Soyuz Commander Fyodor Yurchikhin and Flight Engineers Karen Nyberg and Luca Parmitano undocked their Soyuz TMA-09M spacecraft from aft end the Zvezda service module at 6:26 p.m. EST Sunday to begin the journey home. At the time of the undocking, the complex was orbiting 262 miles over northeast Mongolia.
A deorbit burn at 8:55 p.m. will put the Soyuz on track for a parachute-assisted landing in the steppe of Kazakhstan southeast of Dzhezkazgan at 9:49 p.m. (8:49 a.m. Monday, Kazakh time).
NASA Television will air live coverage of the Soyuz landing activities beginning at 8:30 p.m.
› Watch NASA TV
› Watch crew farewell and hatch closing
Returning to Earth along with Yurchikhin, Nyberg and Parmitano is the torch that will be used to light the Olympic flame at the Feb. 7 opening ceremonies of the 2013 Winter Olympic Games in Sochi, Russia.
The Olympic torch arrived at the space station Thursday aboard the Soyuz TMA-11M spacecraft carrying three new crew members – Expedition 38 Flight Engineers Mikhail Tyurin, Rick Mastracchio and Koichi Wakata.
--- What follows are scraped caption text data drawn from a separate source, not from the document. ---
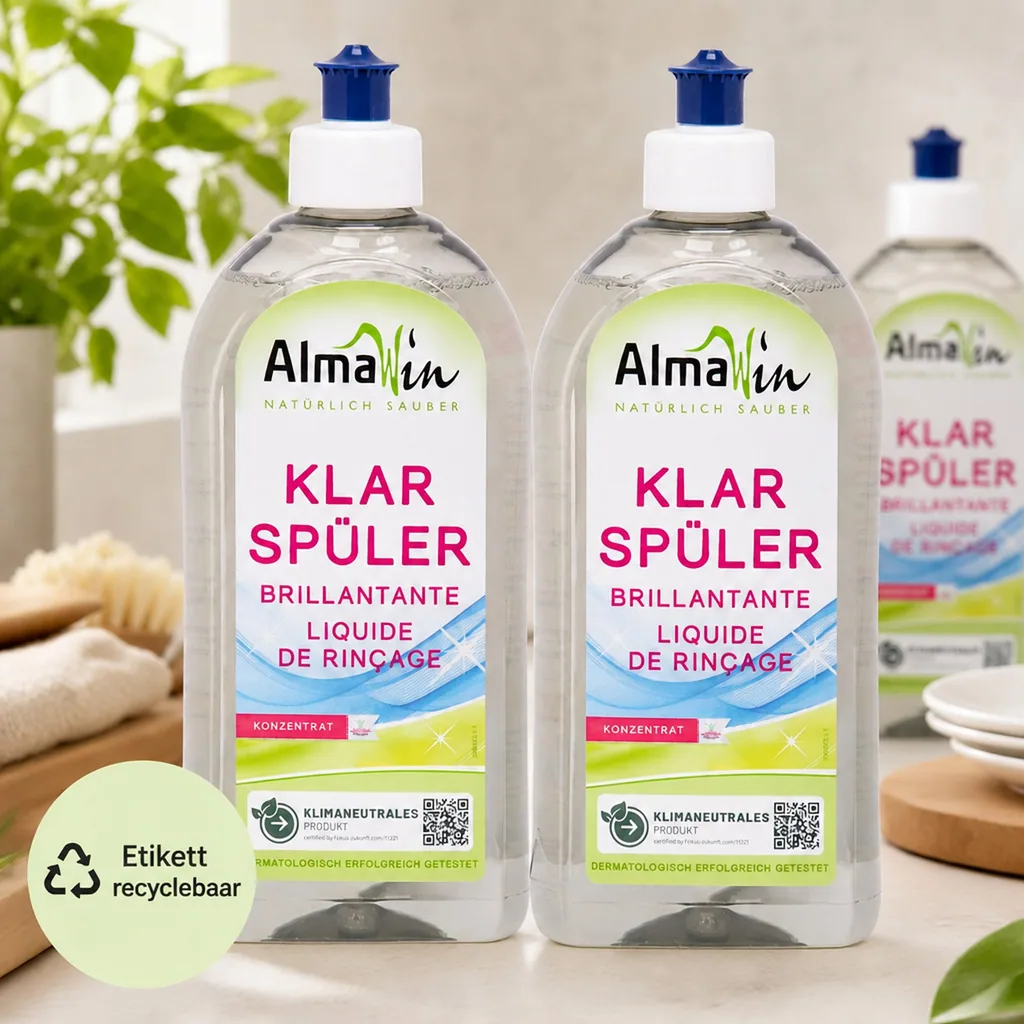 Vaatwasser glansspoelmiddel, 2 x 500 ml, natuurlijk glansspoelmiddel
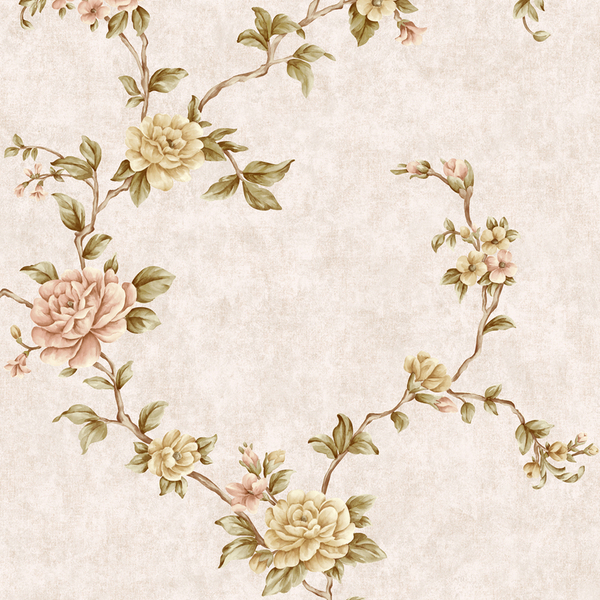 Papel De Parede Kantai Golden House 2 - Floral Bege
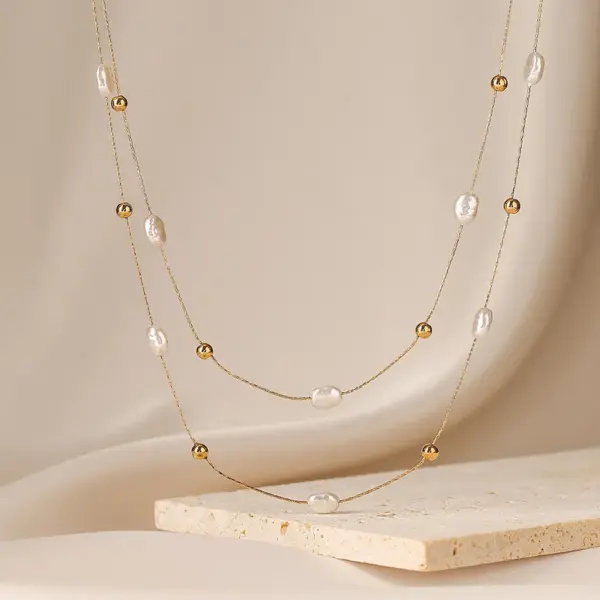 PVD Coated 18K Gold Plated Irregular 304 Stainless Steel Elegant Waterproof Non Tarnish 304 Stainless Steel Layered Necklaces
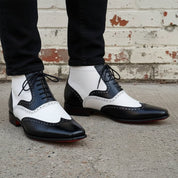 Men's Black and White Wingtip Spectator Leather Ankle Boots — Donne — Donne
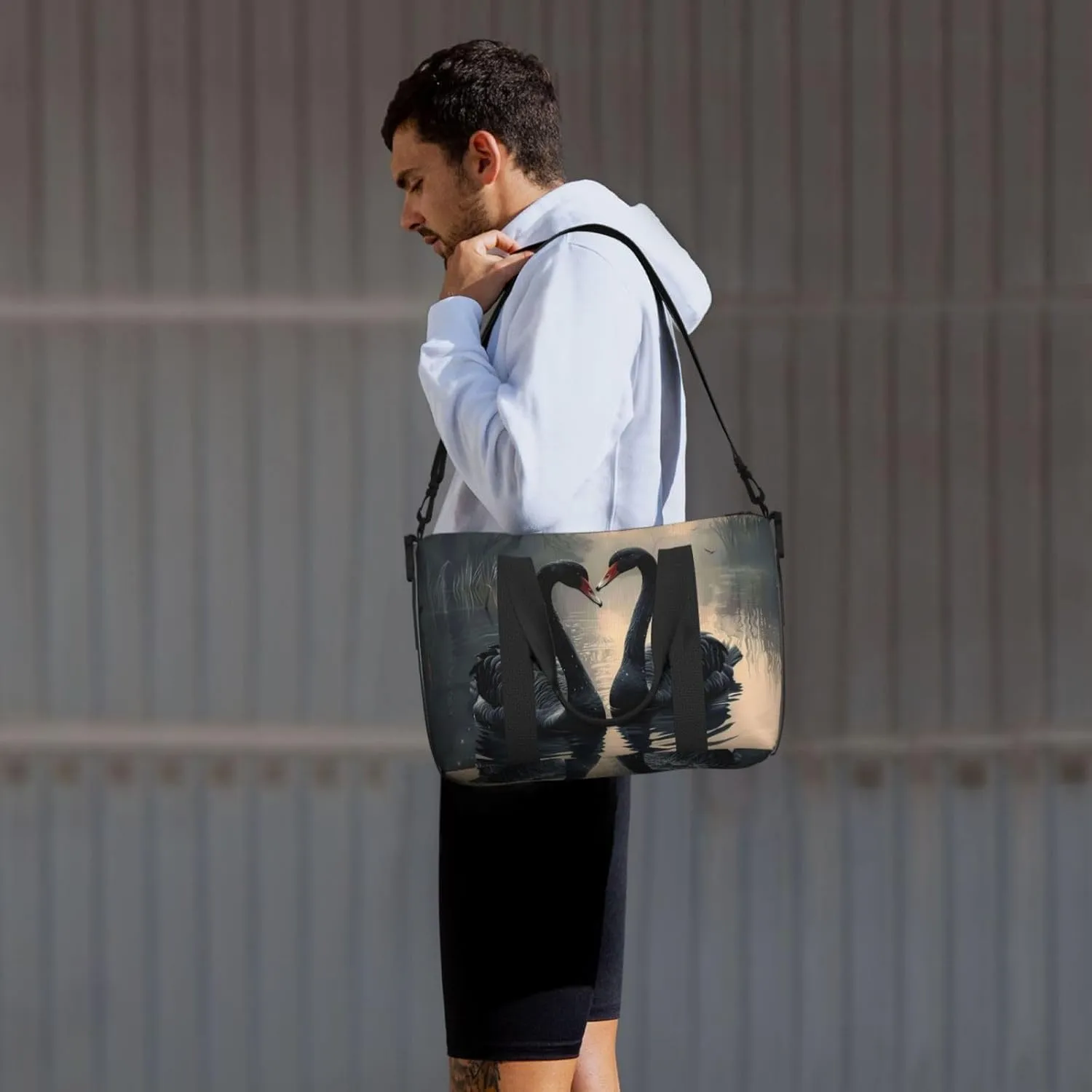 black swans print Travel Duffel Bag, Sports Tote Gym Bag, Swim Pool Bag Large Shoulder Tote Bag for Beach Weekender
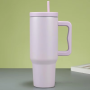 Customized  40oz Cup Trek Tumbler Stainless Steel Insulated Vacuum Sublimation Tumbler With Handle and Straw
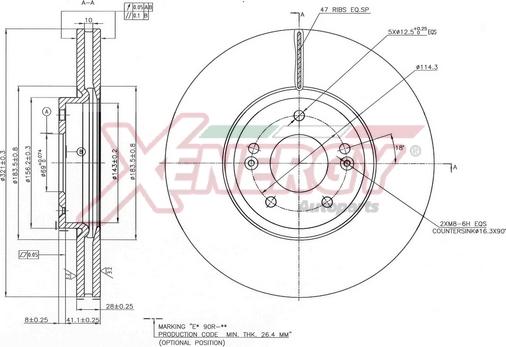 AP XENERGY X602852 - Тормозной диск autospares.lv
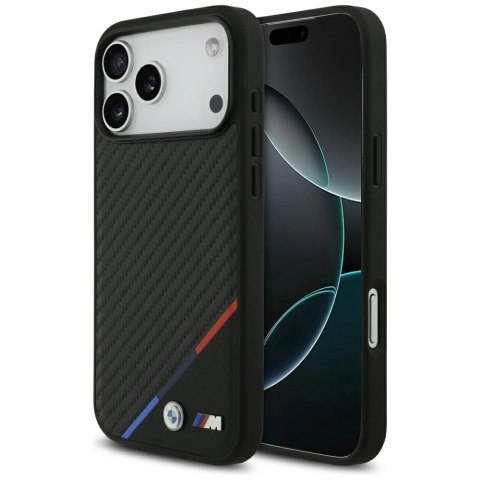 Etui BMW M Carbon Tricolor Line MagSafe na iPhone 17 Pro Max - czarne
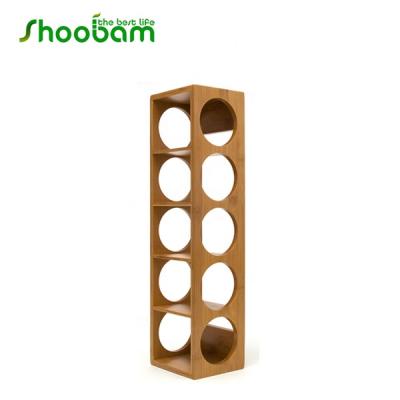 China Sustainable Bamboo Wooden Stackable 5-10 Bottles Wine Rack Stander Shelf for sale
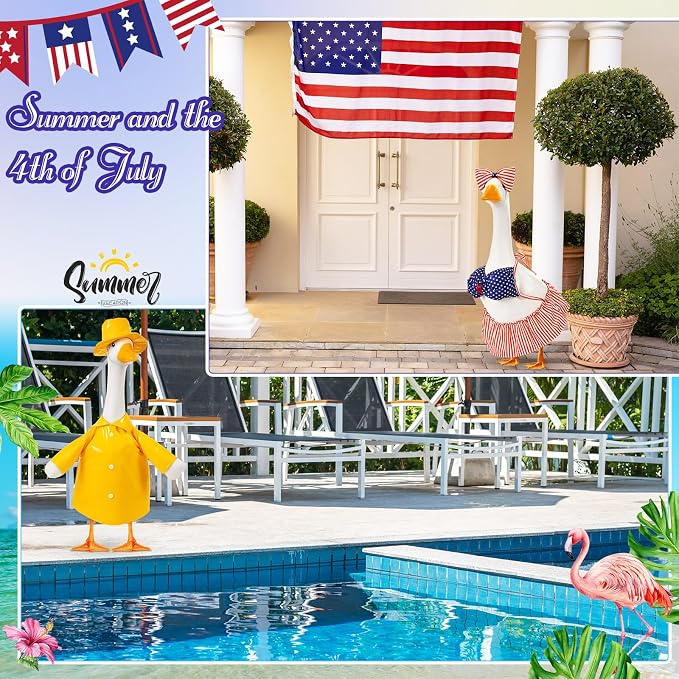 FuWeave 8 Set Holiday Porch Goose Outfits 17'' Goose Clothes Summer Fall Halloween Christmas Winter Thanksgiving Valentine St. Patrick Easter 4th of July Lawn Porch Geese Costume for Patio Yard Decor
To accommodate their arrival, Yurchikhin, Nyberg and Parmitano relocated their Soyuz spacecraft on Nov. 1 from the Rassvet module where it had been docked since May 28 over to Zvezda. The arrival of Mastracchio, Wakata and Tyurin marked the first time since October 2009 that nine people have served together aboard the station without the presence of a space shuttle.
› Read more about the Expedition 38 launch and docking
› Read more about the Soyuz relocation
Kotov and Flight Engineer Sergey Ryazanskiy relayed the torch outside the station Saturday during a spacewalk to continue setting up a combination extravehicular activity workstation and biaxial pointing platform and deactivate a completed experiment.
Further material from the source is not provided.